The Essence of Hayek (Part 1)

In April I wrote a long, winding review of Drift into Failure. I was very proud of it: in the space of several thousand words I visited complex systems, fuzzy logic and the usefulness of positivistic thinking.

It met with great silence; which is the lot of most blogs I suppose. But I had occasion one day to mention it to Helen Dale, who I host at the outstanding group blog Skepticlawyer.

Helen wrote back:

Now go read ‘Law, Legislation and Liberty’, where Hayek goes into exactly these issues in gory and grisly detail, right down to the argument that ‘constructivist raptionalism’ is derived from Cartesian thinking.

I found on further investigation that Law, Legislation and Liberty is actually a three-volume book, sometimes referred to as FA Hayek’s magnum opus. At the time I felt that, given the pressing weight of all the other books I want to read, Hayek’s opus was too far on the magnum side of things for me to justify picking up right away.

Then I found The Essence of Hayek, edited by Kurt R. Leube and Chiaki Nishiyama.

I, being lazy, decided that this was the ticket. At one stroke I could get a broad survey of Hayek’s thought and check to see if Helen was right about the connection between my review of Dekker’s work and Hayek’s writing (she was).

Still — it was slow going, for the reasons I originally outlined in this book review. I at least had the foresight to keep some notes.

So what is it about?

Actually, Hayek wrote and argued about a fairly wide range of issues. However not all of these have bearing on the original matter which led to Helen’s recommendation.
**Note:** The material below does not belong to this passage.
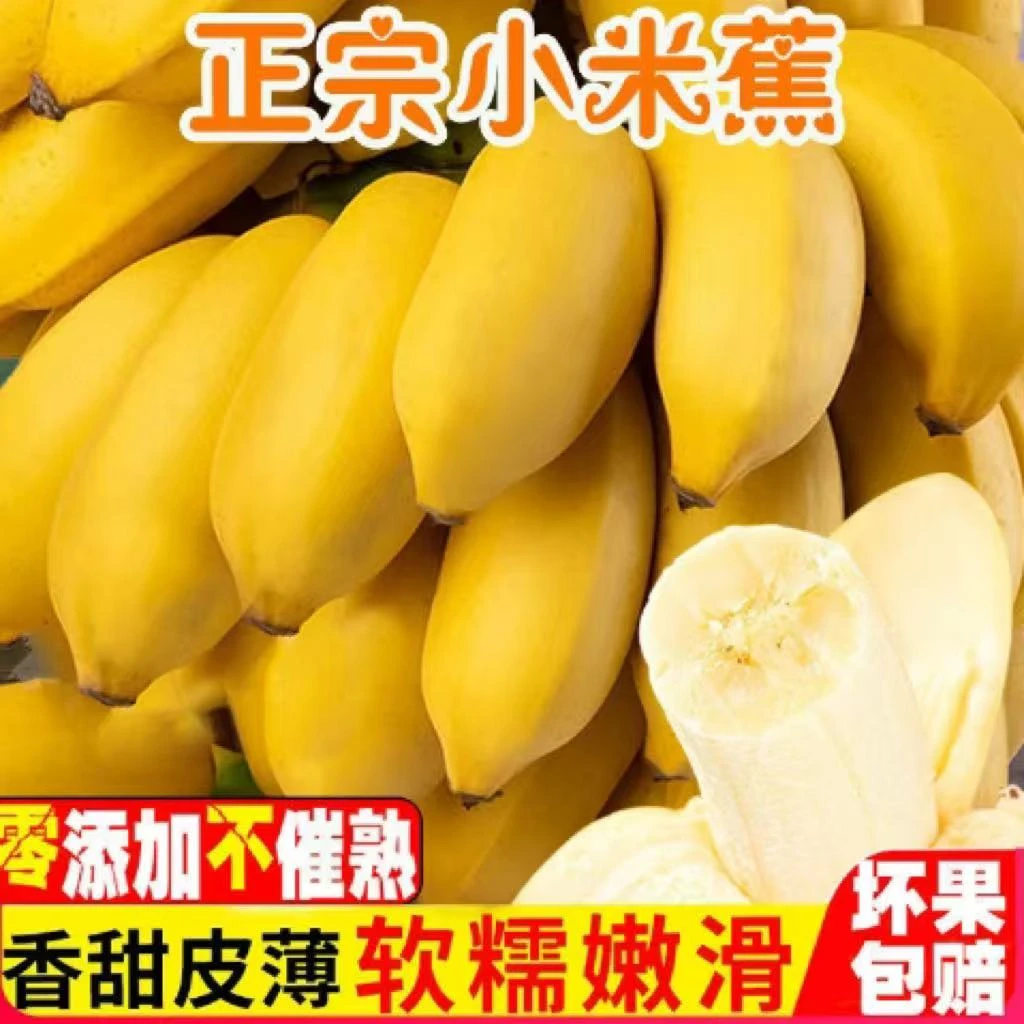 正宗农家小米蕉当季水果带箱5斤新鲜现摘产地直发Y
It seems to me the most important two themes running through most of the essays, lectures or book chapter were as follows:

  1. Spontaneous order (what I knew as “emergent phenomena”) is the only possible basis for successful societies and economies.
  2. Virtue and value are not the same thing; not only is the connection between reward and merit non-existent in a free market, any attempt to impose one renders the market system inoperable.

But that’s not all, of course. Various essays, book chapters and the like provoked enough thought and reflection that I’ve decided to break this book review into three parts.
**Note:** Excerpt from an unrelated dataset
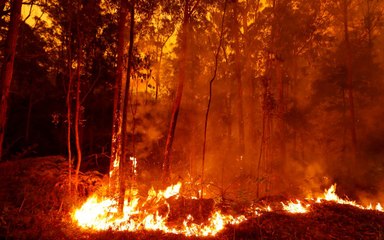 Download Video: Australian Wildfires Lead to Forced Evacuations As Lingering Smoke Turns New Zealand Skies Yellow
Broadly speaking, I talk first of all about the theme of spontaneous order; then I’ll write in the second part about the problem of value and merit; then in the third part I’ll discuss some “miscellanea” (by which I mean I’ll lump together some disparate items which by themselves are, yaknow, only critical matters of political economy).

Spontaneous Order

So, to the first theme — spontaneous order. For me, two entries in the book particularly stand out — Hayek’s speech about Dr Bernard Mandeville and one of his most famous papers, The Use of Knowledge in Society.

Dr Bernard Mandeville

Until this essay, I hadn’t heard of Mandeville, an 18th-century writer whose most famous work is The Fable of the Bees.

It was initially a poem, describing a beehive filled with avarice and greed. Mandeville takes great delight in skewering various professions including lawyers, physicians and government bureaucrats, painting each in a light of darkest venality.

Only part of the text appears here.